Devil's Tower is also a popular spot for rock climbers, though the practice is as controversial here as it was at Uluru in Australia before climbing was banned there out of respect for Aboriginal peoples. Though no such ban has been enacted here, the parks service does request climbers comply with a voluntary closure in June, when many Native American ceremonies take place and refrain from attempting their routes during that month.
Hawai‘i Volcanoes National Park
Native Hawaiians are descended from Polynesian sailors who landed between 1000 to 1200 CE. They developed their own culture and religion and had sovereignty over the islands until Queen Liliʻuokalani was deposed in 1893. According to their beliefs, the land encompassed by Hawai'i Volcanoes National Park is 'Aina a ke akua e noho ai, or "The land where the divine dwells" – specifically the Goddess Pelehonuamea, who lives in the crater Halema‘uma‘u at the summit of Mount Kilauea.
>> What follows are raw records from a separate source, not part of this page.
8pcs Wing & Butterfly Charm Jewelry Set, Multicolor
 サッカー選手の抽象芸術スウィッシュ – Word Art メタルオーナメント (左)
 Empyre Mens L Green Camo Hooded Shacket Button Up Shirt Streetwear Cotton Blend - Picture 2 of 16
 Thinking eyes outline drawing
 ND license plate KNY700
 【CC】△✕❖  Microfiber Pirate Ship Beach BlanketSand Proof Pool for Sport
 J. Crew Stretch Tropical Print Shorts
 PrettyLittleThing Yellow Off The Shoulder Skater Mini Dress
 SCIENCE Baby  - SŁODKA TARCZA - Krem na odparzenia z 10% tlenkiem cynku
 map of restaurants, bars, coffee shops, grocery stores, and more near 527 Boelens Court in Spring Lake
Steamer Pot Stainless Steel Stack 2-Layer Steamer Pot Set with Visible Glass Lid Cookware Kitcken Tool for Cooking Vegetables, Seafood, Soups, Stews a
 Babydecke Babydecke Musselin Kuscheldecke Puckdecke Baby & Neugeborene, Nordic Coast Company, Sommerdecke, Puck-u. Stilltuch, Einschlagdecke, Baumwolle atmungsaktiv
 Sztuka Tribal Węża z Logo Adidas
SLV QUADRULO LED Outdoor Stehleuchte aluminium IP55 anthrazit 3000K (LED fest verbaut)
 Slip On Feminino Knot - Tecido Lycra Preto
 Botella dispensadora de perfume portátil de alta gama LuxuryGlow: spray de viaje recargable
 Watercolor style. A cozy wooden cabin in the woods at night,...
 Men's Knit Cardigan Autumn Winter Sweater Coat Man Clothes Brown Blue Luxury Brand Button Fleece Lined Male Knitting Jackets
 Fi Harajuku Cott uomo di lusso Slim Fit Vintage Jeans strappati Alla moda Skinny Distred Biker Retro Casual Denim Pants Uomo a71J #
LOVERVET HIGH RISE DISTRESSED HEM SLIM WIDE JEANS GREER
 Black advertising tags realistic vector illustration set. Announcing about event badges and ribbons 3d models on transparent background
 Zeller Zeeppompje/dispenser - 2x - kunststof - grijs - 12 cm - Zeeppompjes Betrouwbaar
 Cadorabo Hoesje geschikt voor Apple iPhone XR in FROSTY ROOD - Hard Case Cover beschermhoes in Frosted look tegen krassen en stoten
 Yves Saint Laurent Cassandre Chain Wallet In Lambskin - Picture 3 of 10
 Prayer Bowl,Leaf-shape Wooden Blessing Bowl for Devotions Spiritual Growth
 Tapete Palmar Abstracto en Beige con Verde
If you want to learn more about the Native history of Hawai‘i Volcanoes National Park, visit the Pu‘uloa Petroglyph Field, where thousands-of-years-old rock drawings have been preserved, as well as the Footprints Area, where you can see actual fossilized impressions from an ancient Hawaiian's walk through soft ground. You can also follow in the (less literal) footsteps of the Hawaiian people up the The Ainopio Trail, which leads up the slopes of Mauna Loa, and was originally worn by those bringing offerings to Pele, the volcano goddess.
Traveler etiquette tips
- Ask first before taking photos of any people on tribal reservations or Native Americans working at national parks and historical sites.
- At archaeological sites and in the wilderness, practice "leave no trace" principles. Do not touch, move or otherwise disturb any artifacts or existing structures. Report any new discoveries to park or tribal rangers.
- Always stay on paved walkways and signposted hiking trails unless accompanied by a park or tribal ranger or an officially licensed tour guide.
- Buying, selling, possessing, consuming or transporting alcohol is illegal on some Native American reservations, including the Navajo Nation.